Justice O’Connor: A Moderate on Internationalism as Well

Justice O’Connor: A Moderate on Internationalism as Well

I have very little to add to the zillions of articles and blog posts about the retirement of Justice Sandra Day O’Connor and her likely successor. I did want to point out, though, that Justice O’Connor was (not surprisingly) a moderate in the Court’s recent embrace of foreign and international law. Justice O’Connor appears to see some useful analogies to the relationship between state and federal courts. As she writes in an article entitled “Federalism of Free Nations,”

As our country moves toward a more international regime of dispute resolution, this federalist ideal of healthy dialogue and mutual trust may be possibly be adapted to describe the proper relationship between domestic courts and transnational tribunals.
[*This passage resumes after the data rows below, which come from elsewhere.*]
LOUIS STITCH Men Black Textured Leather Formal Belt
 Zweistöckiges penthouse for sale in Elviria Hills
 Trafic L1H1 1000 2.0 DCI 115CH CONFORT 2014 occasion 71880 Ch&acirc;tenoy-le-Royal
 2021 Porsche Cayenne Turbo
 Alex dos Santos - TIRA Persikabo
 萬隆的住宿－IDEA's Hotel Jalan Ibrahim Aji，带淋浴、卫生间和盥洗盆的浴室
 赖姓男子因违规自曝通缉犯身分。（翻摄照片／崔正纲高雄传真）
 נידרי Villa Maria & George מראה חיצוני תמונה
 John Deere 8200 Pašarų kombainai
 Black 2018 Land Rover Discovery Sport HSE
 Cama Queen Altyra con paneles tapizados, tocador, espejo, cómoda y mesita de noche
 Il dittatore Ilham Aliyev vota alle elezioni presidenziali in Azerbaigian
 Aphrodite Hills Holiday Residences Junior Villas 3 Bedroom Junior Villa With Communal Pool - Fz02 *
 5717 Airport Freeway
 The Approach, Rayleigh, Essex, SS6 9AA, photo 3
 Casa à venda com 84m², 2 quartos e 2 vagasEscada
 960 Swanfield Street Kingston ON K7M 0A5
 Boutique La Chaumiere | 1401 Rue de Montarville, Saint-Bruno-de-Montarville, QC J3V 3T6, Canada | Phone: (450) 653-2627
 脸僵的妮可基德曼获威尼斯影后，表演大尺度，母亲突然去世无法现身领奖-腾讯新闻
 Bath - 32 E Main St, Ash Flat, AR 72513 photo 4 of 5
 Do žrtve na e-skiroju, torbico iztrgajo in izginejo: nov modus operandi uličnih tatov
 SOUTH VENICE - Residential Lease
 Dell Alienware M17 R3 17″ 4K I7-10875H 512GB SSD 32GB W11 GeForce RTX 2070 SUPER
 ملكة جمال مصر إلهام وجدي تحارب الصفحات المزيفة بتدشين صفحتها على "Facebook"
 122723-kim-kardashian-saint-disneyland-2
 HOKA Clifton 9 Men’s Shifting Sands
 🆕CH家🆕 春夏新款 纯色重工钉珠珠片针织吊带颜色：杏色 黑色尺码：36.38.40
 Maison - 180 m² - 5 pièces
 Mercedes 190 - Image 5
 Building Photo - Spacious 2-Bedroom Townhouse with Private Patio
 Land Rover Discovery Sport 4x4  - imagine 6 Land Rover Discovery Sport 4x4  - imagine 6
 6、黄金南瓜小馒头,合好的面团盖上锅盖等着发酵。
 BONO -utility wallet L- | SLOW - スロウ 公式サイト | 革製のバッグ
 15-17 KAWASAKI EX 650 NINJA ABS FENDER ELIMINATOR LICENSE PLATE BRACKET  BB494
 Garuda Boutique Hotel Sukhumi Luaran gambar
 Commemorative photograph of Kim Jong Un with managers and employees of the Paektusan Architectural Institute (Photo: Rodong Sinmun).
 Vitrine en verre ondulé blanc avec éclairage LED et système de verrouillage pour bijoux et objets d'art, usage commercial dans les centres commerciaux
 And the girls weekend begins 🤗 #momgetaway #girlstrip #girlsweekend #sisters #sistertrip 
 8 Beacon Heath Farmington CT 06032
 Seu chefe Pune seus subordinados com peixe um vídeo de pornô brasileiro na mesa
It is a relationship which might be described as a “federalism of free nations,” to use a phrase of the philosopher Immanuel Kant. Just as our domestic laws develop through a free exchange of ideas among state and federal courts, so too should international law evolve through a dialogue between national courts and transnational tribunals and through the interdependent effect of the their judgments.

On the other hand…

Article III of our Constitution reserves to federal courts the power to decide cases and controversies, and the U.S. Congress may not delegate to another tribunal ‘the essential attributes of judicial power.'”

So she thought foreign and international law was important and useful, but she recognized that there are serious constitutional problems and limitations on this practice. Sensible, moderate, but also analytically dissatisfying. I guess this could describe almost all of Justice O’Connor’s jurisprudential views.